The Prince George's County Board of Education has rejected a proposal made by negotiators for county teachers that sought a board guarantee that teachers could go to binding arbitration with their grievances in the 1984-85 school year.

Instead, the board would agree only to negotiate that point as part of next year's contract talks, according to Brian J. Porter, school system spokesman.

The teachers, who have been without a contract since August, told the board on Thursday that they would be willing to settle the present dispute if the board would agree to grant the teachers the right to binding arbitration over grievances as part of next year's contract. In earlier contract talks, the teachers had attempted to get the board to agree to binding arbitration of grievances as part of this year's contract.
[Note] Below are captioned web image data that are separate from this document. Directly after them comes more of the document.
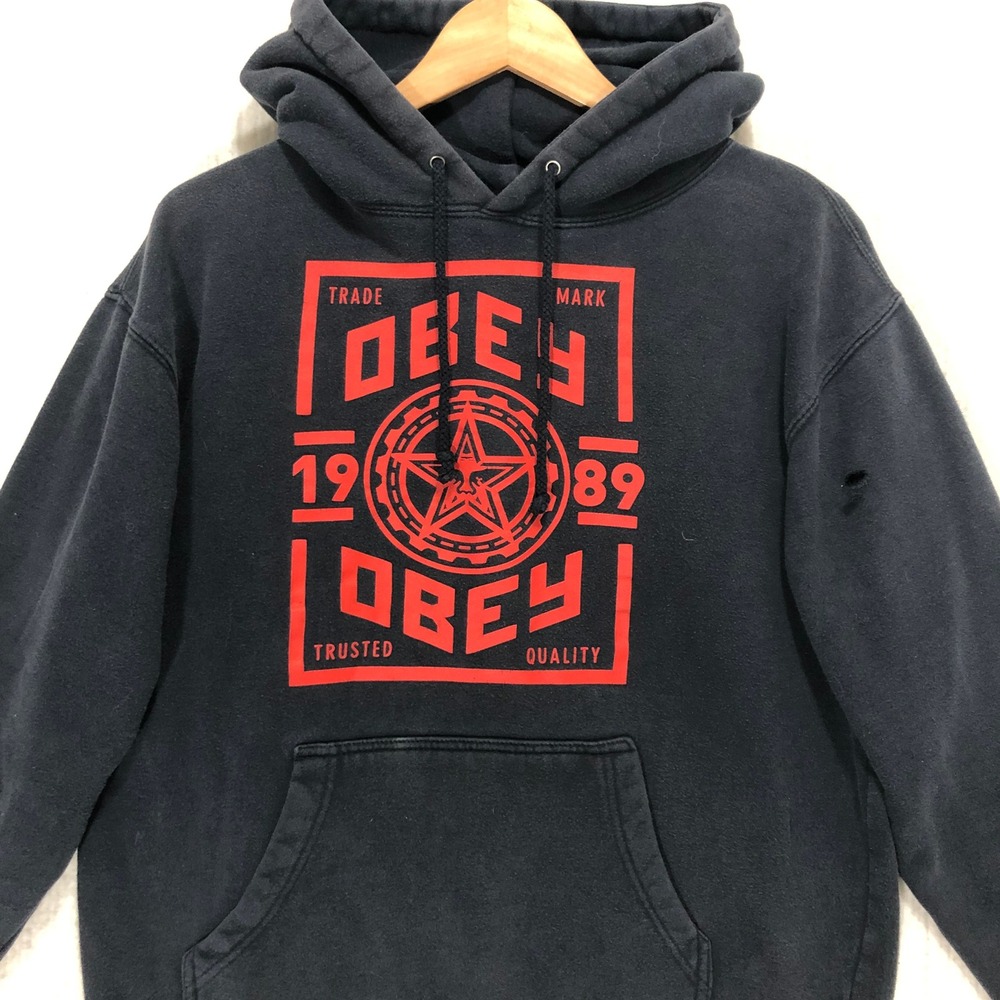 OBEY Distressed Hoodie Sweatshirt Black Red Graphic Print Logo Pullover Size M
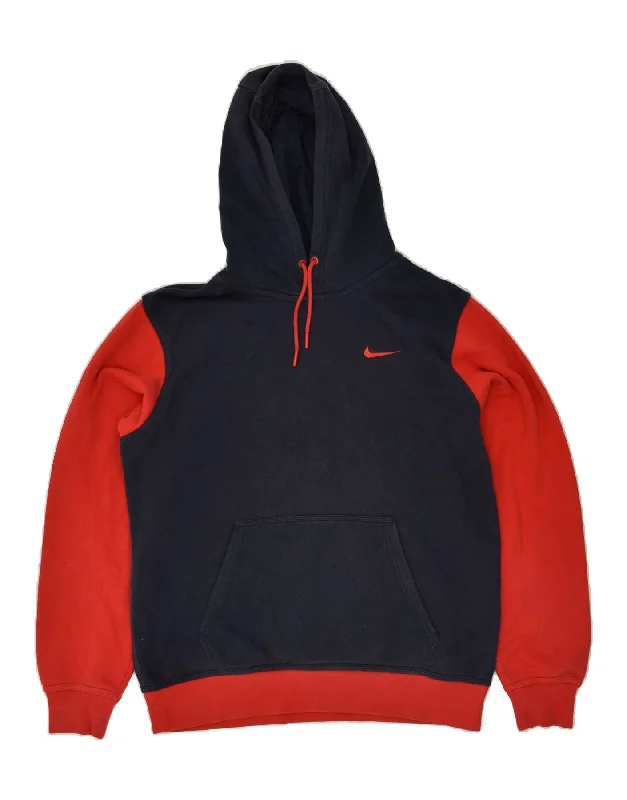 NIKE Mens Hoodie Jumper Medium Navy Blue Colourblock Cotton Hoodie with Mesh Breathable Sporty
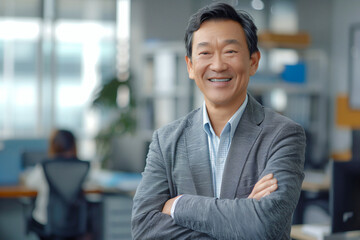 Business man portrait. Asian, middle age, handsome, happy man wearing suit standing in modern office. Smiling male manager looking at camera in workplace meeting area.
The issue of binding arbitration is the last remaining point of contention between the teachers and the school board.

"We were willing to put the thing off for a year. We thought we had made a big concession . . . . The board is being really obstinate about this," said Paul Pinsky, president of the Prince George's County Educators Association, the bargaining agent for the teachers.

Porter said the board action "represents a good faith gesture . . . to recognize the need to discuss and negotiate" the issue. He said the board is willing to discuss the issue of binding arbitration only "in the context of a full range of contractual issues . . . . They do not want the issue of binding arbitration to stand alone."

Pinsky said the association's executive council would discuss the board's latest action at a meeting on Wednesday, after which the association will decide on its next course of action.

In a related development, the Prince George's County Council of Parent Teacher Associations, which represents about 190 local PTAs passed a resolution this week urging the school board to agree to the teachers' contract demands.